A bill was recently introduced in the New Hampshire legislature that would legalize home distilling in the state. Even if the bill passes, however, hobby distillers in the Live Free or Die state won't be able to start making spirits right away. That's because home distilling still remains illegal at the federal level, which means the Hew Hampshire law would only take effect if the feds also legalize home distilling. According to the Hobby Distiller's Association, 8 other states currently have similar laws that would allow home distilling if the feds ever give it the green light.
R Street's Jarrett Dieterle has has written about home distilling in the past and the federal efforts to legalize it:
In the aftermath of its failure to pass a health-care overhaul, Congress appears poised to turn to tax reform. While income and corporate tax rates will likely garner most of the attention, alcohol producers are also hoping for changes to booze taxes. Specifically, brewer, vintners, and distillers have been pushing on Capitol Hill for the Craft Beverage Modernization and Tax Reform Act, which would lower federal excise taxes on alcohol.

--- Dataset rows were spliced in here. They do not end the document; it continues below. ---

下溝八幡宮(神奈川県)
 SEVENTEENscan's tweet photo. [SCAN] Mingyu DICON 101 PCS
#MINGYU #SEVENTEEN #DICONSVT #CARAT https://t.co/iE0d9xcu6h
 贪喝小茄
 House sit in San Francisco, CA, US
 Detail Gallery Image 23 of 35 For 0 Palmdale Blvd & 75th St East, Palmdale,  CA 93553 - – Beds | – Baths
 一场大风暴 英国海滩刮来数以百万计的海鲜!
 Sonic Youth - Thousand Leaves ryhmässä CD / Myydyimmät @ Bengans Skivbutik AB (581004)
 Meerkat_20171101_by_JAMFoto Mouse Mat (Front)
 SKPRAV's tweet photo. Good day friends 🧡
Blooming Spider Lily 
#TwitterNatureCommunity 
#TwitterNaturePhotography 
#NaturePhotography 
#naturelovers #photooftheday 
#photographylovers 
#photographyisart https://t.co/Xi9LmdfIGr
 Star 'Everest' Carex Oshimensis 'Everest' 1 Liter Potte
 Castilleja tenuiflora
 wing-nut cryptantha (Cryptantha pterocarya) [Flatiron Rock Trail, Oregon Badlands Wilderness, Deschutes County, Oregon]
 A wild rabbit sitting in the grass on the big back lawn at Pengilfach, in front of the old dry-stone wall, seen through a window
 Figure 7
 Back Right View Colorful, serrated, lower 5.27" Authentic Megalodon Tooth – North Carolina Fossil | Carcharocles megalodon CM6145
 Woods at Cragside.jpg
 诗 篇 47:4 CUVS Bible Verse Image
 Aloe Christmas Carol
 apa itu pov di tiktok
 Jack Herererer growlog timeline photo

Despite attracting nearly 300 co-sponsors in the House and more than 50 in the Senate, the bill has failed to get a vote in recent sessions of Congress. There’s renewed hope for the act this year—perhaps as part of a larger tax overhaul—but the current version of the bill is missing a key feature of previous iterations: the legalization of home distilling. Whereas the 2015 version of the act included a provision that would have permitted distillation of up to 24 proof gallons per year for personal consumption, that provision has been stripped from the new version of the bill.